この取り組みは、同社が2024年12月に発表した「Suica Renaissance」構想の一環として実施されるもので、「改札はタッチするという当たり前を超える」というビジョンの実現を目指しています。JR東日本 新幹線統括本部の恩田義行氏は「新幹線では多くの荷物をもったお客様や、複数枚のきっぷを持って改札を通ることに慣れていないお客様が多いことから、顔認証の優位性が高い」と説明しています。
今回の実証実験では、両駅に異なるタイプの顔認証改札機を1台ずつ設置しました。長岡駅にはパナソニックコネクト製のトンネル型改札機を、新潟駅にはNEC製の既存改札機に被せる形式の改札機を採用しています。長岡駅のトンネル型は、通過時に映像や音響による演出でワクワク感を与える近未来型デザインが特徴です。

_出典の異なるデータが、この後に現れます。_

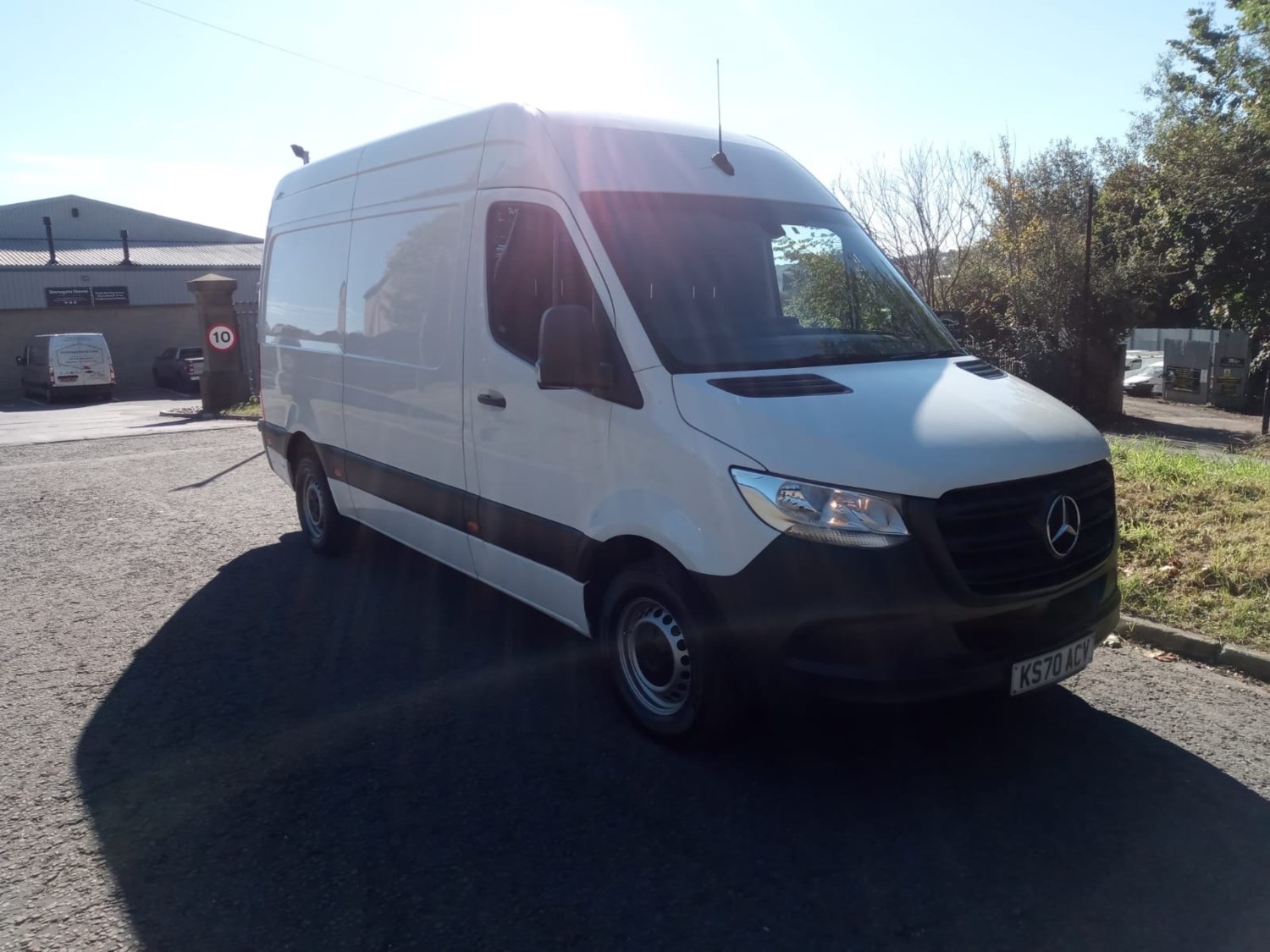 Mercedes-Benz Sprinter Listing Image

モニター参加者は、事前にタブレット端末で顔写真を登録しており、改札機を通過する際にカメラが顔を認識して本人確認を行います。認証に成功すると改札機内部が緑に光り「進んでください」と表示され、失敗すると赤く光り「戻ってください」と警告が出ます。判定は利用者が改札機に近づく1~2メートル手前から開始されるため、歩きながらスムーズに通過できる仕組みです。

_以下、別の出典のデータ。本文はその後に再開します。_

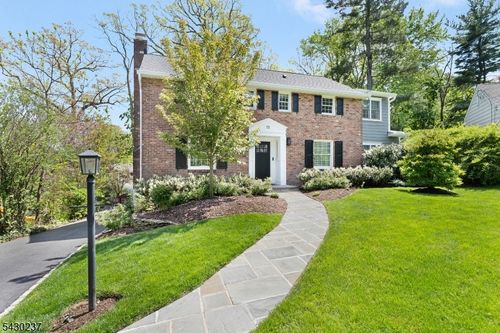 73 Fuller Ave, Chatham, NJ, 07928-2347 | Card Image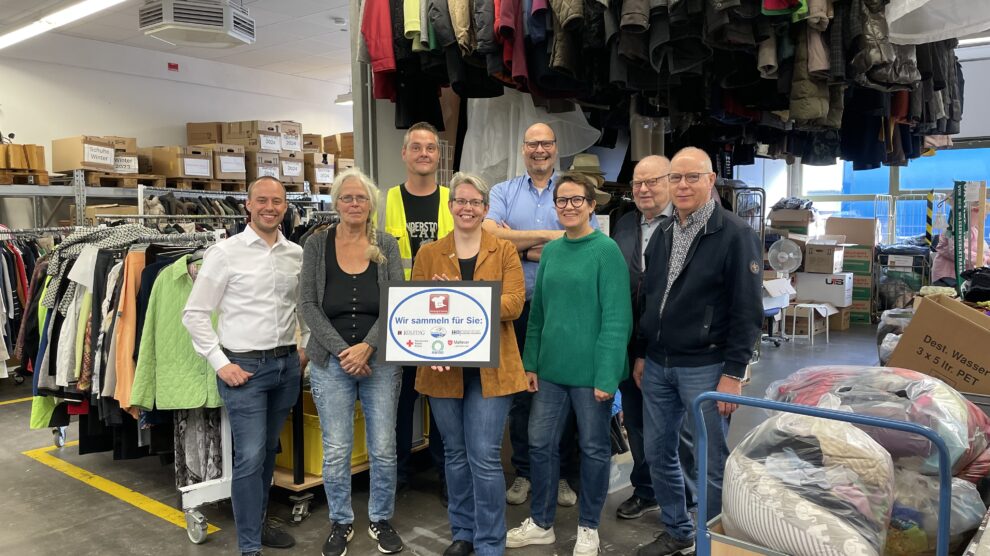 Sie kooperieren für die Altkleidersammlung im Osnabrücker Land (v.l.n.r.): Christian Löwentat (Malteser Hilfsdienst e.V.), Ruth Markus (DLRG), Christian Große-Hartlage (AWIGO), Ines Rose (DRK Kreisverband Melle & OS-Nord), Urs Hübschmann und Melanie Wolf (beide HHO) sowie Werner Titgemeyer und Andreas Albers (beide Kolping). Foto: D. Pommer/AWIGO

顔認証改札機は、切符やICカードの出し入れ、スマートフォンのタッチ操作が一切不要となる「ハンズフリー」通過を実現します。特に大きな荷物を抱えた旅行者やベビーカー利用者にとって、両手がふさがっていても改札を通過できる点は大きなメリットです。
今後10年でウォークスルー改札の全面展開へ
JR東日本は今後10年以内にウォークスルー改札の実現を目指しており、顔認証技術以外の方式も検討しています。2026年春には高輪ゲートウェイ駅と大井町駅にウォークスルー改札の通路を設置し、2027年春には品川駅周辺の5駅で実証実験を実施する計画です。

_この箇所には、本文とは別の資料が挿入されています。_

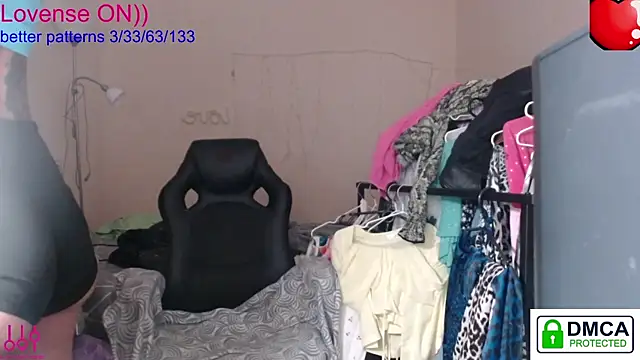 sweet cute cat online show from 13, 10, 2025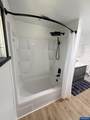 1060 Marion Av - Photo 24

同社は2028年度以降、Suicaの残高をセンターサーバーで一元管理する新システムへの移行を進め、「Suica ID」として個人単位での管理を実現します。これにより、顔認証やスマートフォンアプリなど様々な支払い手段を1つのIDに紐付けて利用可能になります。
ただし課題も残ります。顔認証には事前登録が必要であり、訪日外国人や一見の利用者には手間がかかります。恩田氏は「顔認証改札は普段からサービスを利用するリピーターを対象とした施策」と述べています。今後10年は技術やサービスの過渡期となりそうです。